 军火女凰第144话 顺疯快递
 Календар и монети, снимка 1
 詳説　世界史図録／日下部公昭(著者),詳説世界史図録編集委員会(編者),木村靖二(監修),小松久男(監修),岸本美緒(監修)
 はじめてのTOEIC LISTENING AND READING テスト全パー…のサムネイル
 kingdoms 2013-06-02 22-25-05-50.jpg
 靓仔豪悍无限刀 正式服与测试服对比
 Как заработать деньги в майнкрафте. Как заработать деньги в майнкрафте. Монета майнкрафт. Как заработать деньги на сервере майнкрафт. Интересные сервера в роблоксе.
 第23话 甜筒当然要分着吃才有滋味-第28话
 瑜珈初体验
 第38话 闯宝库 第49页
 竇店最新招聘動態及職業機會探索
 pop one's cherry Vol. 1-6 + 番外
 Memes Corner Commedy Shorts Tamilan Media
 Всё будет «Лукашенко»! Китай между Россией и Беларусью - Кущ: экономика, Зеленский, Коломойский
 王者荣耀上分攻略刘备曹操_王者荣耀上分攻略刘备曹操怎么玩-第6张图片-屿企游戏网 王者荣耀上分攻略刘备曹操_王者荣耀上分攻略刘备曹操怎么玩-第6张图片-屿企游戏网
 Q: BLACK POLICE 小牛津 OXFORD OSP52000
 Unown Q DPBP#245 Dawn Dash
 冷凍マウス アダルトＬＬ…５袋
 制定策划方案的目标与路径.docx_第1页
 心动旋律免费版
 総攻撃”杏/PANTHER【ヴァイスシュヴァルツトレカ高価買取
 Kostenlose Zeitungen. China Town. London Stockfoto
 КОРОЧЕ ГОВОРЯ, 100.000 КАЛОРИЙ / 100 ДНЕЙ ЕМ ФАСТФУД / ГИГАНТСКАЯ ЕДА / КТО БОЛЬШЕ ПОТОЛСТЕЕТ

Exercise objective:
The full listing above needs to be output exactly.

Exercise output:
 军火女凰第144话 顺疯快递
 Календар и монети, снимка 1
 詳説　世界史図録／日下部公昭(著者),詳説世界史図録編集委員会(編者),木村靖二(監修),小松久男(監修),岸本美緒(監修)
 はじめてのTOEIC LISTENING AND READING テスト全パー…のサムネイル
 kingdoms 2013-06-02 22-25-05-50.jpg
 靓仔豪悍无限刀 正式服与测试服对比
 Как заработать деньги в майнкрафте. Как заработать деньги в майнкрафте. Монета майнкрафт. Как заработать деньги на сервере майнкрафт. Интересные сервера в роблоксе.
 第23话 甜筒当然要分着吃才有滋味-第28话
 瑜珈初体验
 第38话 闯宝库 第49页
 竇店最新招聘動態及職業機會探索
 pop one's cherry Vol. 1-6 + 番外
 Memes Corner Commedy Shorts Tamilan Media
 Всё будет «Лукашенко»! Китай между Россией и Беларусью - Кущ: экономика, Зеленский, Коломойский
 王者荣耀上分攻略刘备曹操_王者荣耀上分攻略刘备曹操怎么玩-第6张图片-屿企游戏网 王者荣耀上分攻略刘备曹操_王者荣耀上分攻略刘备曹操怎么玩-第6张图片-屿企游戏网
 Q: BLACK POLICE 小牛津 OXFORD OSP52000
 Unown Q DPBP#245 Dawn Dash
 冷凍マウス アダルトＬＬ…５袋
 制定策划方案的目标与路径.docx_第1页
 心动旋律免费版
 総攻撃”杏/PANTHER【ヴァイスシュヴァルツトレカ高価買取
 Kostenlose Zeitungen. China Town. London Stockfoto
 КОРОЧЕ ГОВОРЯ, 100.000 КАЛОРИЙ / 100 ДНЕЙ ЕМ ФАСТФУД / ГИГАНТСКАЯ ЕДА / КТО БОЛЬШЕ ПОТОЛСТЕЕТ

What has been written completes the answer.